During the PHIDIAS Kick-Off Meeting on September 24 and 25 2019, consortium members were interviewed by Trust-It.
You can find their videos online on the project’s YouTube page: https://www.youtube.com/channel/UC8rKfnURUua008pM8n_M50A/featured
And here is the written interview of Jukka Seppälä, Seppälä, chef de service à l’Institut Finlandais pour l’environnement (SYKE).
PHIDIAS and the contribution of SYKE
PHIDIAS’s overall objective is to build a prototype for Data/High-Performance Computing (HPC) services based on Earth sciences cases.

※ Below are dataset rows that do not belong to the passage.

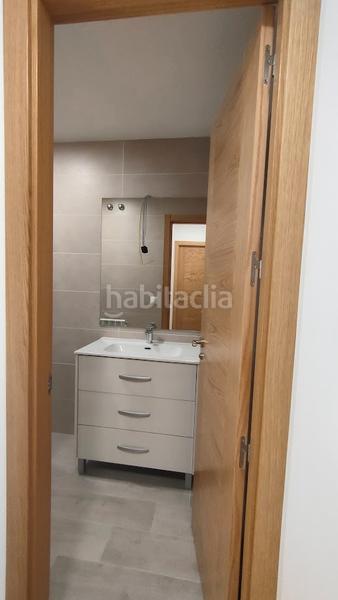 Foto 5216f12b-b79c-488f-8c61-a2dc298669ca. Lloguer dúplex amb calefacció aparcament piscina a Torrejón del Rey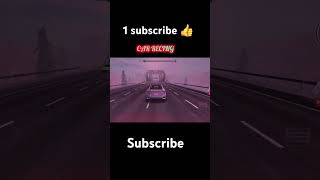 Car racing games play tranding youtubeshorts subscribe my channel gameplay [upl. by Martita]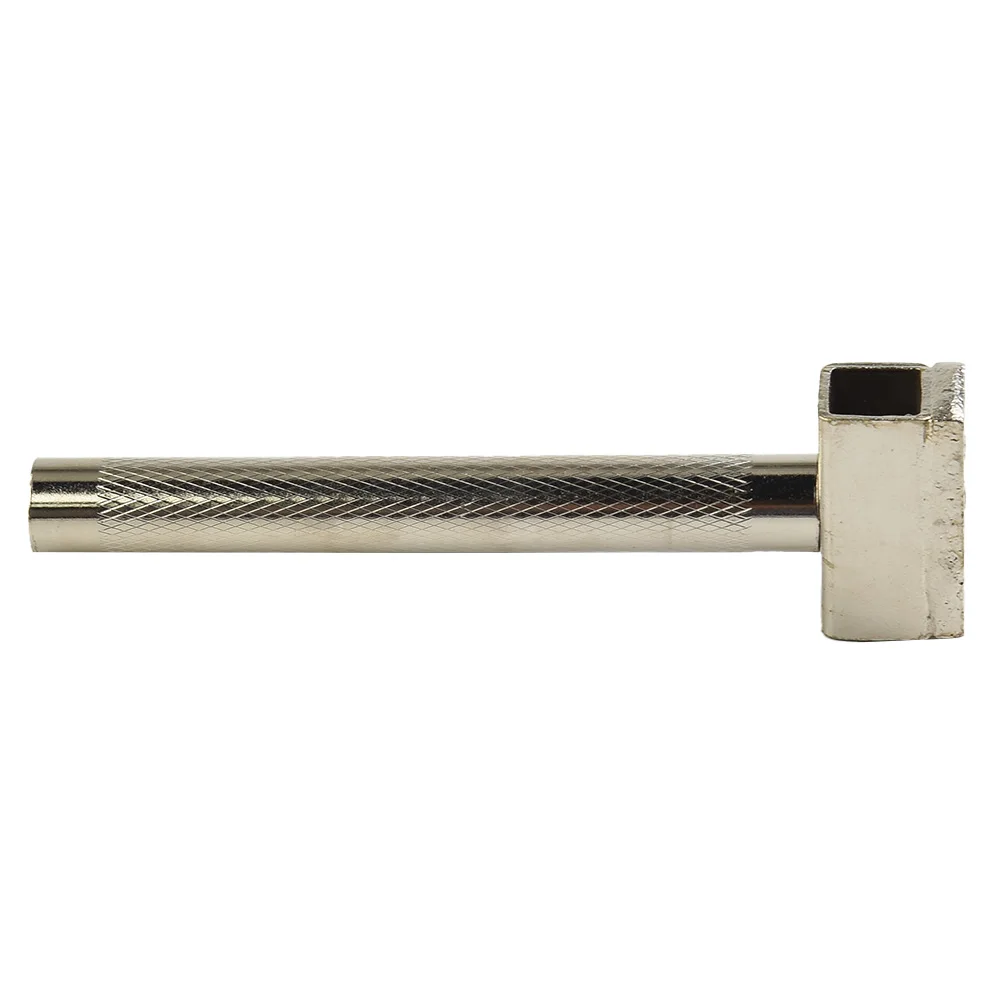 Diamond Pen Dresser Power Tools Grinders 93.5mm Handle Length Diamond Wheel High Quality For Dressing Grinding Wheel
Diamond Pen Dresser Power Tools Grinders 93.5mm Handle Length Diamond Wheel High Quality For Dressing Grinding Wheel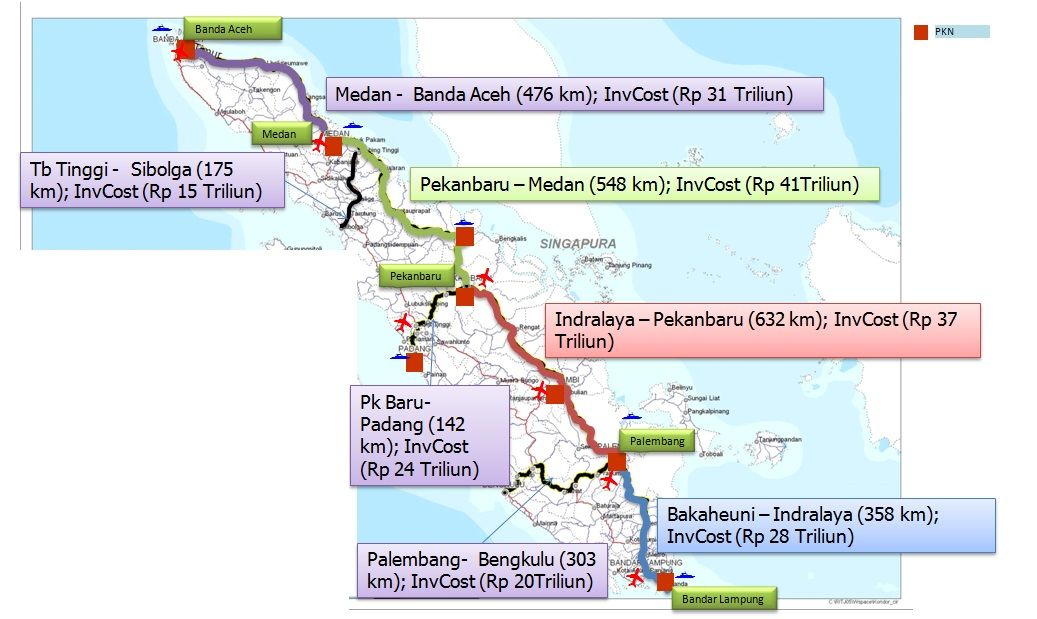 31+ Banda Aceh Pekanbaru
 Images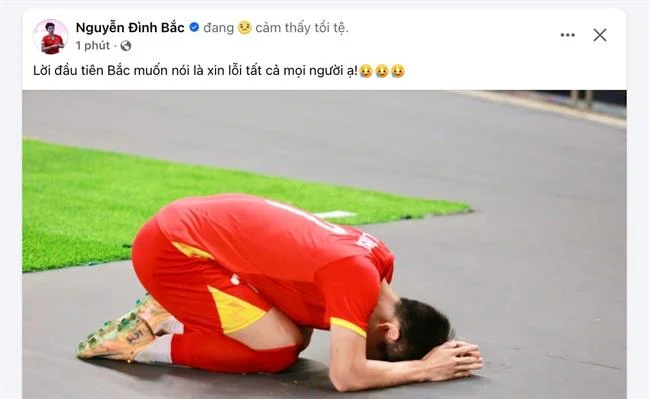 Hướng dẫn đăng ký tài khoản 88xx nhà cái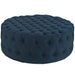 amour-upholstered-fabric-ottoman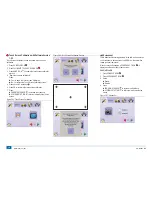 Preview for 24 page of TeeJet MATRIX 570G User Manual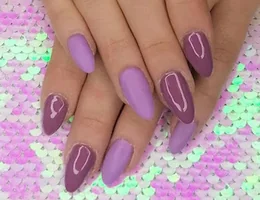 Nova Nails - Salon And Training Academy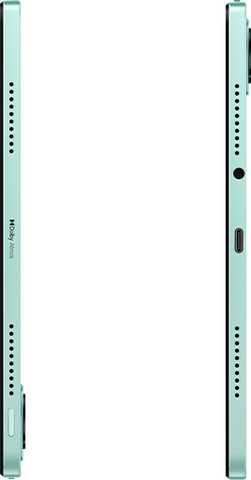 טאבלט 11" Xiaomi שיאומי Pad SE 256GB/8GB - ירוק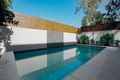 Property photo of 4 Matlock Street Ashgrove QLD 4060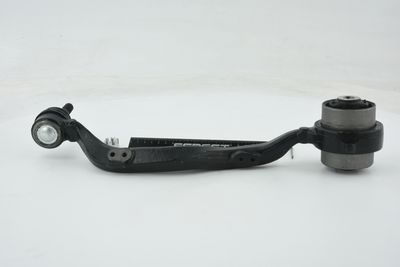 BRAT SUSPENSIE ROATA FEBEST 0125USF40F7 28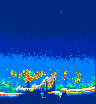 /calipso-imagery/data/BROWSE/production/V5-00/2011-02-23/2011-02-23_19-12-05_V5.00_4_thmb.png image missing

In this respect, the consortium will develop and provide new services to discover, manage and process spatial and environmental data produced by research communities tackling scientific challenges such as atmospheric, marine and earth observation issues.
This consortium, led by CINES, the French National Computing Centre for Higher Education, will take advantage of the expertise in marine research of Finnish Environment Institute (SYKE), whose role in the project is to provide excellence in marine environmental data collection and analysis, for various needs, thereby contributing to the Ocean Use Case, working towards improving the use of cloud services for marine data management.
Using HPC to combine marine environmental data from different sources
According to Jukka Seppälä, head of SYKE-MRC laboratory, there are two main assets that the Finnish Environment Institute will showcase participating in PHIDIAS, which are:
- providing examples on how to combine marine environmental data from various sources, since often the data are collected through methods that are not well harmonized;
- showcasing the use of HPC in improving the analysis of new types of data, e.g. imaging of marine organisms.
Therefore, PHIDIAS will provide HPC capacity for analyzing and combining data from different sources, resolving long-needed requirements for data processing.
SYKE’s purpose in joining the project is to forward the merging of new types of biological data collected with physical and chemical data, thereby improving the holistic assessment of specific phenomena and events in the marine environment. The outcome will be the development of shared platforms, practices and software tools for scientific communities fostering the easy generation of products using data from various sources.
For this reason, Jukka Seppälä appeals the consortium and the HPC community to “keep the access to HPC simple also to non-experts and non-data scientists”.